In the Georgian law on Free Economic Zones, it is necessary to specify that FIZ is arranged for a certain period, which must be at least five years. Investors should be sure that no changes are expected and the government will not nationalize the zone to serve internal or foreign fiscal liabilities. Moreover, a paragraph should be added to Article 9 of this law covering exemption of excise products from the excise tax when delivering product from the territory of Georgia into the zone. This norm is practiced in most free industrial zones around the world.

Paragraph 4 in Article 7 of the above-mentioned law should also be revised to allow the use of buildings in the FIZ for residential purposes. In successful zones, like Jebel Ali in the United Arab Emirates, the investor is able to choose from one of about 9,000 hotel suites operating in the zone. A similar practice occurs in Chinese zones, too. Therefore, it is not expedient to ban living in Georgian free industrial zones.

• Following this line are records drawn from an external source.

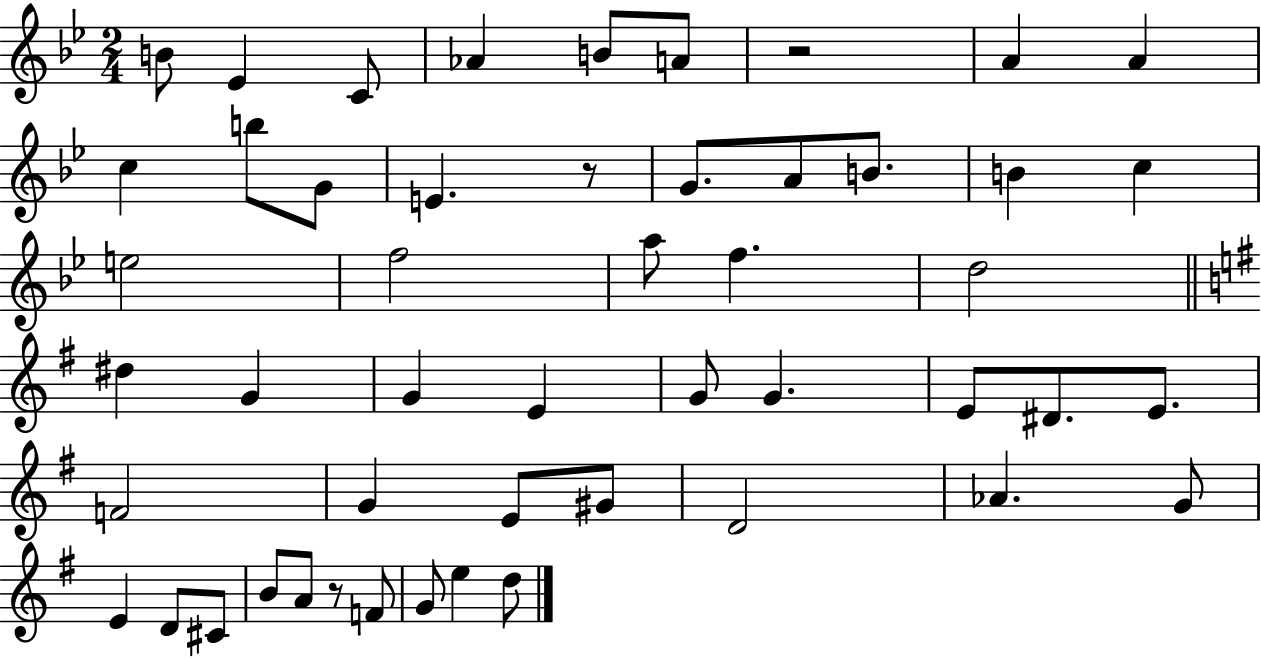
{
  \clef treble
  \numericTimeSignature
  \time 2/4
  \key bes \major
  b'8 ees'4 c'8 | aes'4 b'8 a'8 | r2 | a'4 a'4 | \break c''4 b''8 g'8 | e'4. r8 | g'8. a'8 b'8. | b'4 c''4 | \break e''2 | f''2 | a''8 f''4. | d''2 | \break \bar "||" \break \key g \major dis''4 g'4 | g'4 e'4 | g'8 g'4. | e'8 dis'8. e'8. | \break f'2 | g'4 e'8 gis'8 | d'2 | aes'4. g'8 | \break e'4 d'8 cis'8 | b'8 a'8 r8 f'8 | g'8 e''4 d''8 | \bar "|."
}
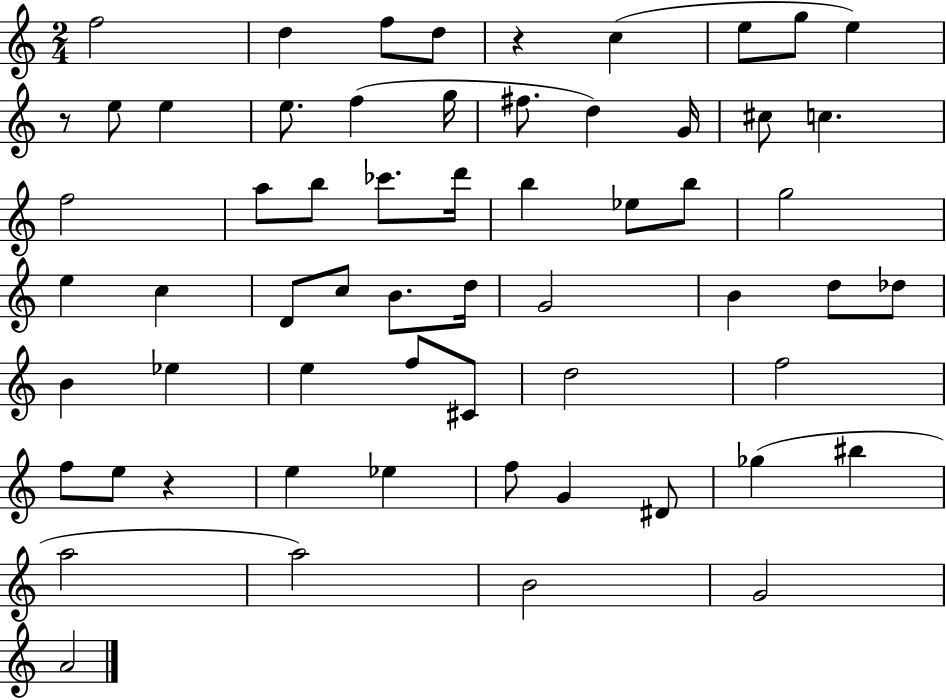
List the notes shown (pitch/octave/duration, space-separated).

F5/h D5/q F5/e D5/e R/q C5/q E5/e G5/e E5/q R/e E5/e E5/q E5/e. F5/q G5/s F#5/e. D5/q G4/s C#5/e C5/q. F5/h A5/e B5/e CES6/e. D6/s B5/q Eb5/e B5/e G5/h E5/q C5/q D4/e C5/e B4/e. D5/s G4/h B4/q D5/e Db5/e B4/q Eb5/q E5/q F5/e C#4/e D5/h F5/h F5/e E5/e R/q E5/q Eb5/q F5/e G4/q D#4/e Gb5/q BIS5/q A5/h A5/h B4/h G4/h A4/h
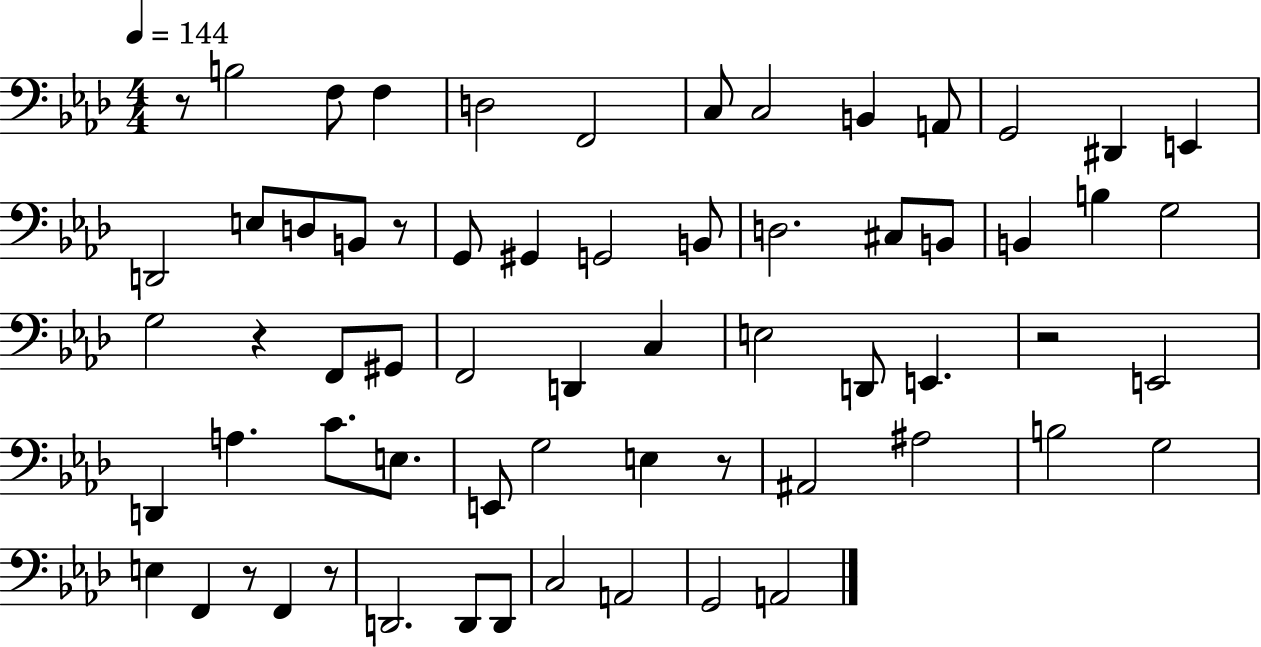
{
  \clef bass
  \numericTimeSignature
  \time 4/4
  \key aes \major
  \tempo 4 = 144
  r8 b2 f8 f4 | d2 f,2 | c8 c2 b,4 a,8 | g,2 dis,4 e,4 | \break d,2 e8 d8 b,8 r8 | g,8 gis,4 g,2 b,8 | d2. cis8 b,8 | b,4 b4 g2 | \break g2 r4 f,8 gis,8 | f,2 d,4 c4 | e2 d,8 e,4. | r2 e,2 | \break d,4 a4. c'8. e8. | e,8 g2 e4 r8 | ais,2 ais2 | b2 g2 | \break e4 f,4 r8 f,4 r8 | d,2. d,8 d,8 | c2 a,2 | g,2 a,2 | \break \bar "|."
}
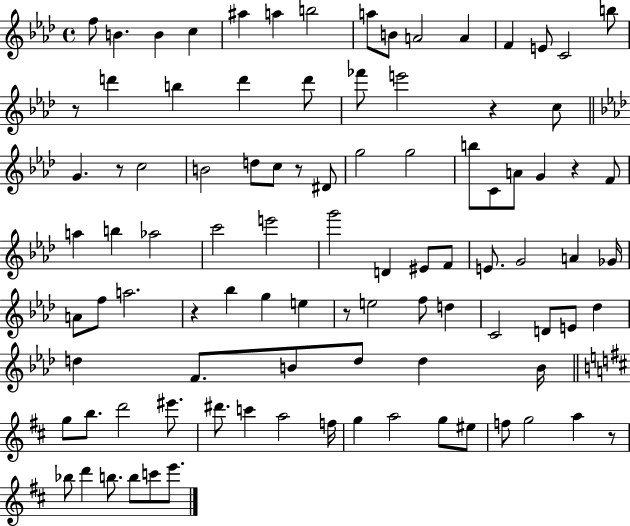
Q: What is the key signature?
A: AES major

The operation of FIZ must be subjected to EU-Georgia DCFTA implementation, and legal agreements with China should be also taken into account. In the near future, it is therefore necessary to establish EU standards and technical conditions in Georgian FIZs. Issues among economic agents in the zone should be resolved by international arbitration norms. Moreover, it is necessary to develop a special program for developing territories via a special investment regime and free economic zones, which will expand the functional part of the zone. Based on the international practice of complex free zones, which represent a combined model of several zones, it will be beneficial to add a service zone to the existing Poti FIZ. A service zone is a specialized region with preferential rules for various services.

The implementation of these activities will result in regions of Georgia where businessmen from Asian countries will invest capital and export Georgia-assembled products to the EU with Made in Georgia certification. Georgia will become a place for the production of cheap products in free economic zones through outsourcing. Finally, special trade zones will ensure investment in Georgia’s strategic infrastructure sector.